Mark then describes the disciples with the very phrase from Jonah. They “feared a great fear” (Mark 4:41). And they ask the question the whole passage has been driving toward:
“Who then is this, that even the wind and the sea obey him?” (Mark 4:41).
The Hebrew Scriptures have already given the answer time and time again. There is only one who stills the storm and calms the sea.
The Mystery of the Sower (4:1–20)
When Jesus shares the Parable of the Sower, he is not giving a timeless lesson about spiritual openness. He is describing a crisis. In Mark 3, the religious leaders accuse him of casting out demons by the power of Beelzebul (Mark 3:22), and his own family thinks he is out of his mind (Mark 3:21). The message is spreading, but the rejection in ch. 3 shows it faces hard soil. Why?
The weight Mark places on this parable is unmistakable. It is the first substantive parable in all three Synoptic Gospels, and in Mark’s Gospel, which contains only one major parable section (here in ch. 4) and then only one other significant parable (the Wicked Tenants in chapter 12), it is nothing less than load-bearing for the whole Gospel and ministry of Jesus. When Jesus asks his disciples, “Do you not understand this parable? How then will you understand all the parables?” (Mark 4:13), he means it. This parable, like the others, explains what is happening in the ministry of Jesus.

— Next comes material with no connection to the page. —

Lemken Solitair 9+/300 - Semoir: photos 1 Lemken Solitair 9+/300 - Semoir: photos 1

To make sense of this parable, Jesus reaches for a word his disciples would have recognized immediately. He says:
“To you has been given the mystery of the kingdom of God” (Mark 4:11, author’s own translation).1
The Greek word translated as “mystery” here is μυστήριον, the same word the Septuagint uses in Daniel 2 when Nebuchadnezzar has a dream no one can interpret, and Daniel alone receives its meaning from God (Dan 2:18–19, 27–30). Mark signals that this parable is apocalyptic. Like Nebuchadnezzar’s dream, it is a vision whose meaning must be revealed from outside, and it explains real events that are happening or will happen in human history. And just as Daniel’s mystery concerned the coming kingdom that would one day fill the whole earth (Dan 2:44), so Jesus’ mystery concerns the kingdom that is arriving now — silently, against all appearances, like seed falling on the ground.
The seed, Jesus explains, is the word (Mark 4:14). This takes us straight to Isaiah 55, where God promises that his word, like rain and snow falling on the earth, will give “seed to the sower” and will not return to him empty, but will accomplish its purpose. That purpose is the New Exodus, the end of Israel’s long exile, and the return of Yahweh to Zion (Isa 55:10–11). The teaching of Jesus is doing precisely this: scattering the word of return across the landscape of human hearts.

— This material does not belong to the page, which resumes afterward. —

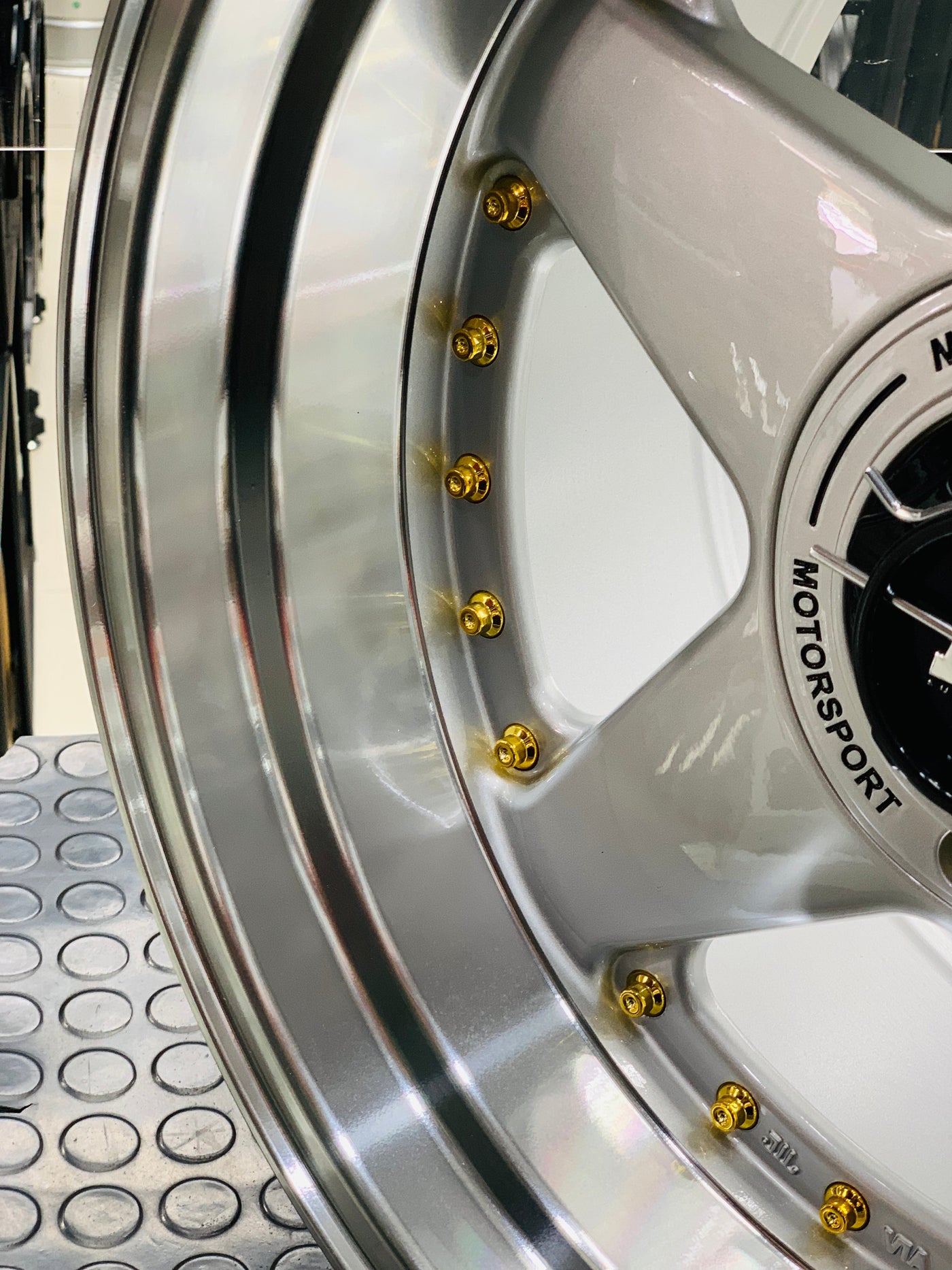 17” AS- 360 8.5/10j WHEELS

But the harvest is uneven, and this is the parable’s great burden. The problem is not the seed or the sower. The word will not return empty. The problem is the soil. John the Baptist had come before Jesus with one message: “Prepare the way of the Lord” (Mark 1:3, citing Isa 40:3). To prepare the way was to prepare the soil — to repent, to clear the ground of whatever would keep the word from taking root. Many in Israel had not done this. And so when the sower arrived and began to scatter the word, he found paths and rocks and thorns where there should have been good earth.
The parable invites us to ask a hard question — not simply which of the four soils describes us, but what has hardened us. What love, what fear, what idol has compacted the ground so that the word cannot go as deep as it should? John’s ancient call has not expired. We must prepare the way of the Lord.
The ESV uses the word “secret” here. That is, frankly, a bad translation.


“not simply which of the four soils describes us, but what has hardened us.” Love this! Describing the soil makes it a ‘done deal’ but asking that question makes space for change/healing.